The Turkish Statistical Institute estimates that the population of Istanbul Metropolitan Municipality was 15,519,267 at the end of 2019, hosting 19 percent of the country's population.[87] 64.4% of the residents live on the European side and 35.6% on the Asian side.[87]
Istanbul ranks as the seventh-largest city proper in the world, and the second-largest urban agglomeration in Europe, after Moscow.[88][89] The city's annual population growth of 1.5 percent ranks as one of the highest among the seventy-eight largest metropolises in the Organisation for Economic Co-operation and Development. The high population growth mirrors an urbanization trend across the country, as the second and third fastest-growing OECD metropolises are the Turkish cities of Izmir and Ankara.[14]
Istanbul experienced especially rapid growth during the second half of the 20th century, with its population increasing tenfold between 1950 and 2000.[90] This growth was fueled by internal and international migration. Istanbul's foreign population with a residence permit increased dramatically, from 43,000 in 2007[91] to 856,377 in 2019.[92][93]
According to 2020 TÜİK data around 2.1 million people in a population of over 15.4 million have been registered[ج] in Istanbul, meanwhile the vast majority of the residents ultimately originate from Anatolian provinces, especially those in the Black Sea, Central and Eastern Anatolia regions due to internal migration since the 1950s.[94] People registered in Kastamonu, Ordu, Giresun, Erzurum, Samsun, Malatya, Trabzon, Sinop and Rize provinces represent the biggest population groups in Istanbul, meanwhile people registered in Sivas has the highest percentage with more than 760 thousand residents in the city.[95] A 2019 survey found that only 36% of the Istanbul's population was born in the province.[96]

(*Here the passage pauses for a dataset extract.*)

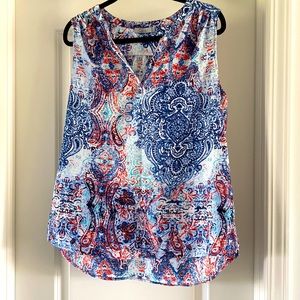 Red, White & Blue sleeveless blouse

Ethnic and religious groups
Istanbul has been a cosmopolitan city throughout much of its history, but it has become more homogenized since the end of the Ottoman era. The dominant ethnic group in the city is Turkish people, which also forms the majority group in Turkey. According to survey data 78% of the voting-age Turkish citizens in Istanbul state "Turkish" as their ethnic identity.[96]
With estimates ranging from 2 to 4 million, Kurds form one of the largest ethnic minorities in Istanbul and are the biggest group after Turks among Turkish citizens.[97][98] According to a 2019 KONDA study, Kurds constituted around 17% of Istanbul's adult total population who were Turkish citizens.[96] Although the Kurdish presence in the city dates back to the early Ottoman period,[99] the majority of Kurds in the city originate from villages in eastern and southeastern Turkey.[100] Zazas are also present in the city and constitute around 1% of the total voting-age population.[96]
Arabs form the city's other largest ethnic minority, with an estimated population of more than 2 million.[101] Following Turkey's support for the Arab Spring, Istanbul emerged as a hub for dissidents from across the Arab world, including former presidential candidates from Egypt, Kuwaiti MPs, and former ministers from Jordan, Saudi Arabia (including Jamal Khashoggi), Syria, and Yemen.[102][103][104] The number of refugees of the Syrian Civil War in Turkey residing in Istanbul is estimated to be around 1 million.[105] Native Arab population in Turkey who are Turkish citizens are found to be making up less than 1% of city's total adult population.[96]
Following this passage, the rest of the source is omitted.